Oliver Fritsch | Samstag, 18. Dezember 2004 Kommentare deaktiviert für Es sind viel zu viele Halbwahrheiten durch die Kabine gegeistert

Christoph Metzelder mit Freddie Röckenhaus (SZ 18.12.)
SZ: Hätte man – aus Sicht des Spielers – die ganze Krise beim BVB anders managen sollen?
CM: Ich habe es gegenüber der Vereinsführung immer wieder angeregt, die Führungsspieler rundum über den Ernst der Lage und die Details aufzuklären, sie ins Boot zu holen. Und sie mit in die Verantwortung zu nehmen. Es wäre besser gewesen, nach dem Spiel gegen Energie Cottbus, zum Saisonende 2003, klar zu sagen: Es ist überlebenswichtig, dass wir noch in die Champions-League kommen. Man hätte all die schwelenden Gerüchte vermieden. Aber das BVB-Management hat damals nach bestem Wissen entschieden, es anders zu machen. Klar ist: Es sind viel zu viele Halbwahrheiten durch die Kabine gegeistert, die alle völlig verunsichert haben. Da wurde immer wieder kolportiert: Gehälter werden nicht gezahlt oder verspätet. Dauernd wurde diskutiert, dass der und der verkauft werden muss.
SZ: Interessiert sich der Profi für mehr als sein Gehalt? Die Gesamtsituation eines Vereins spielt doch sicher für viele Spieler keine so große Rolle.
CM: Es gibt schon Führungsspieler, die Verständnis für die Situation haben. Jeder muss aber auch wissen, dass es in Zukunft eine andere Vertragsgestaltung geben wird als vor zwei, drei Jahren. Die goldenen Zeiten sind nicht nur in Dortmund erstmal vorbei. Das gilt ja auch in Italien oder anderen Ländern. Aber man darf nicht vergessen: Weiterhin findet doch alles auf einem sehr hohen Niveau statt. Ich glaube, es muss sich bei uns niemand über Gehälter beklagen.

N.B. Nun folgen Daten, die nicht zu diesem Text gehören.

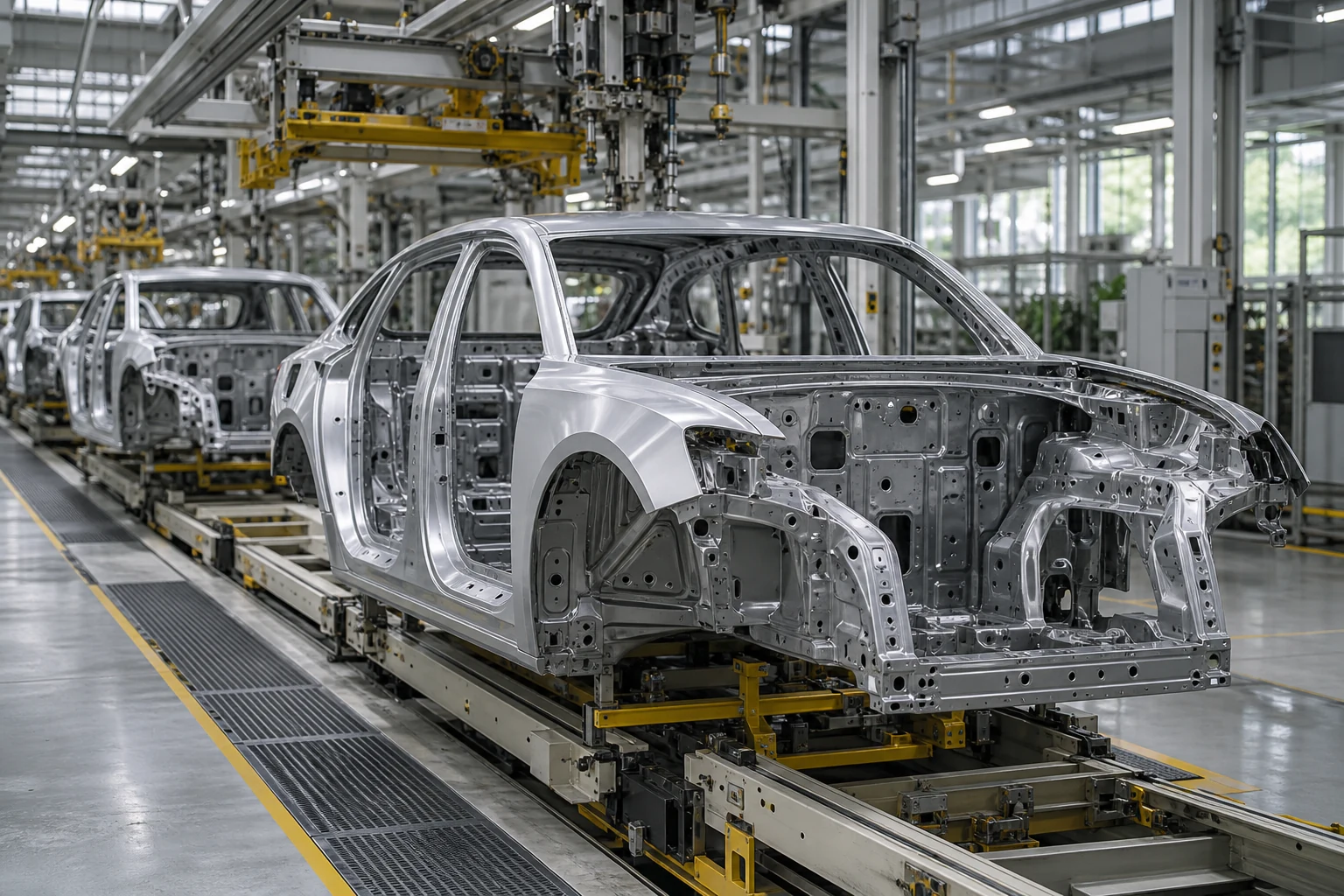 AI-generated illustration of a vehicle assembly line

Dieser Verein hat Unsummen an Abfindungen gezahlt – daraus wird man wohl lernen dürfen

Heribert Bruchhagen mit Ingo Durstewitz & Jan Christian Müller (FR 18.12.)

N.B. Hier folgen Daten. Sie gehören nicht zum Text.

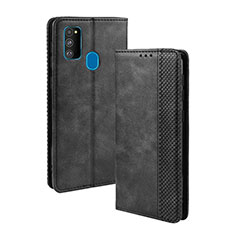 Custodia Portafoglio In Pelle Cover con Supporto BY4 per Samsung Galaxy M21 Nero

FR: Es gibt eine neue Trainergeneration, die eine andere Ansprache hat, die ankommt und die auch offensiven Fußball spielen lässt.
HB: Das stimmt. Die alte Schule würde ich auch nicht mehr akzeptieren. Es gibt Trainer, die sprechen aus Überzeugung nicht mit ihren Spielern.

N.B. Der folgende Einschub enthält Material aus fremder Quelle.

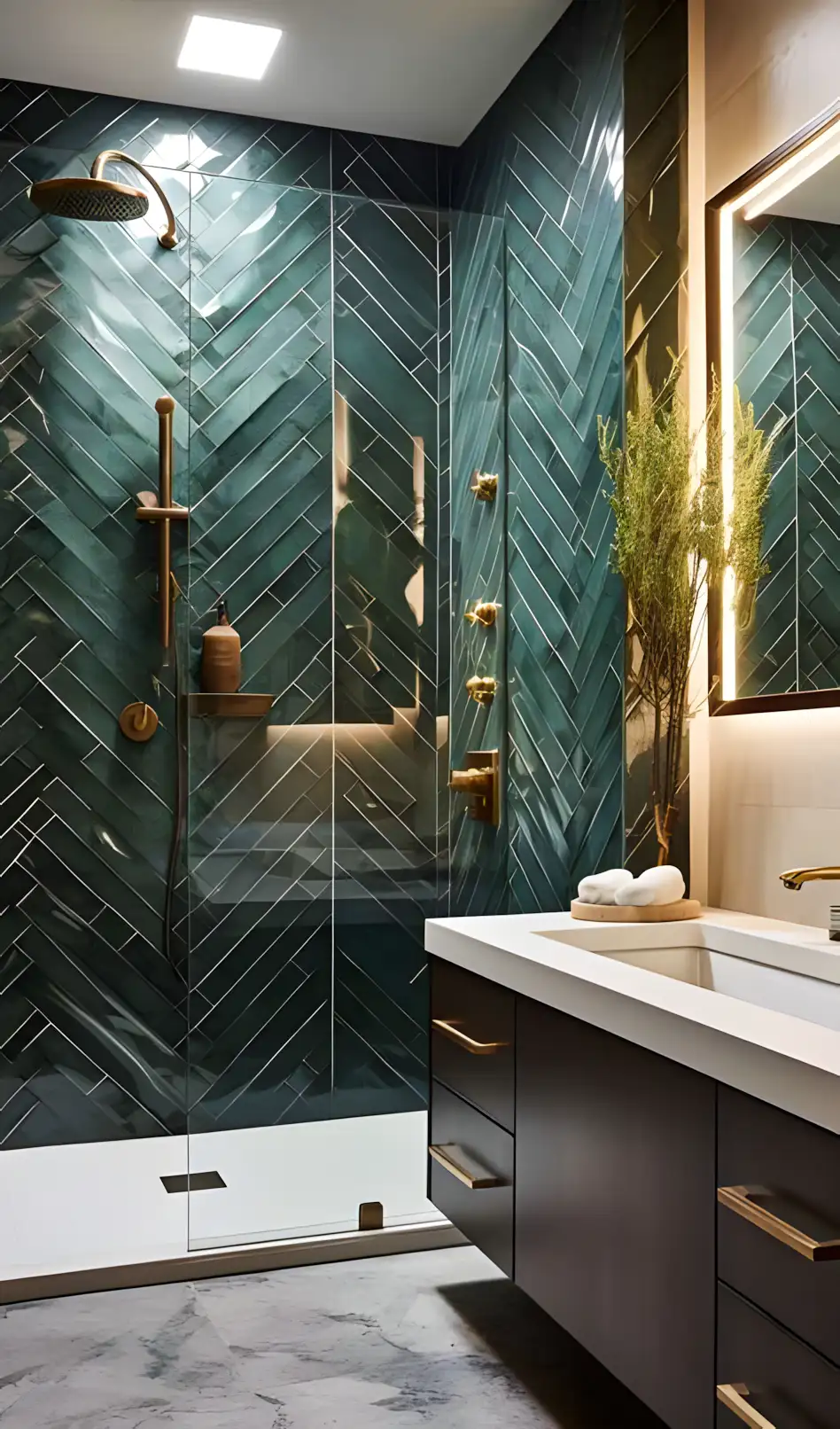 Modern Green Herringbone Tile Shower with Sleek Design | Material Depot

FR: Na ja, da brauchen wir gar nicht so weit zurückzudenken. Willi Reimann hat, wenn überhaupt, nur das nötigste gesprochen.
HB: Ja eben. Ich denke aber, Kommunikation ist unverzichtbar – mit den Spielern, mit dem Vorstand, mit den Medien.
FR: Aber wenn Sie das damals schon erkannt haben, weshalb haben Sie dann in Nibelungentreue zu Reimann gestanden?
HB: Was war denn mit dieser Mannschaft drin, mit der die Eintracht in die Runde ging? Das sportliche Ergebnis von Reimann war für mich sehr zufrieden stellend. Er hat 22 Punkte in der Rückserie geholt, und ich finde, er hat ordentlich gearbeitet. Es gibt halt verschiedene Trainer-Typen.
FR: Plaudertaschen und Schweiger?
HB: Wenn man so will. Neururer redet oft mit den Spielern, Reimann wenig. Ist alles so leicht? Klopp und Rangnick sind erfrischende Trainer in der Branche. Aber irgendwann wird die Medaille sowieso bei jedem gedreht und dann wird aus dem kommunikativen Trainer einer, der immer und zu allem seinen Senf dazugibt. Und wenn bei Klopp der Erfolg ausbleibt, dann wird es heißen: Da muss ein harter Hund her. Es ist immer das gleiche. (…)
FR: Bleibt Trainer Funkel über das Saisonende hinaus in Frankfurt?
HB: Vor Ende März werde ich keine Entscheidungen treffen. Weder in Sachen Spieler noch in Sachen Trainer. Ich weiß ja, dass jetzt im Trainingslager diese Geschichten geschrieben werden. Da werden die Spieler dann die Storys liefern, nach dem Motto: ,Ich kann meine Form nicht finden, weil ich nicht weiß, wie es mit mir weitergeht.‘
FR: Aber so stärkt man nicht unbedingt die Position des Trainers.
HB: Ich weiß.
FR: Da muss er durch?
HB: Genau. 25 Jahre hintereinander hat die Eintracht den Trainer das Vertragsende nicht erleben lassen. Daraus muss man einfach Konsequenzen ziehen.
FR: Daher auch die streng auf nur ein Jahr befristeten Verträge?
HB: Dieser Verein hat Unsummen an Abfindungen gezahlt – daraus wird man wohl lernen dürfen.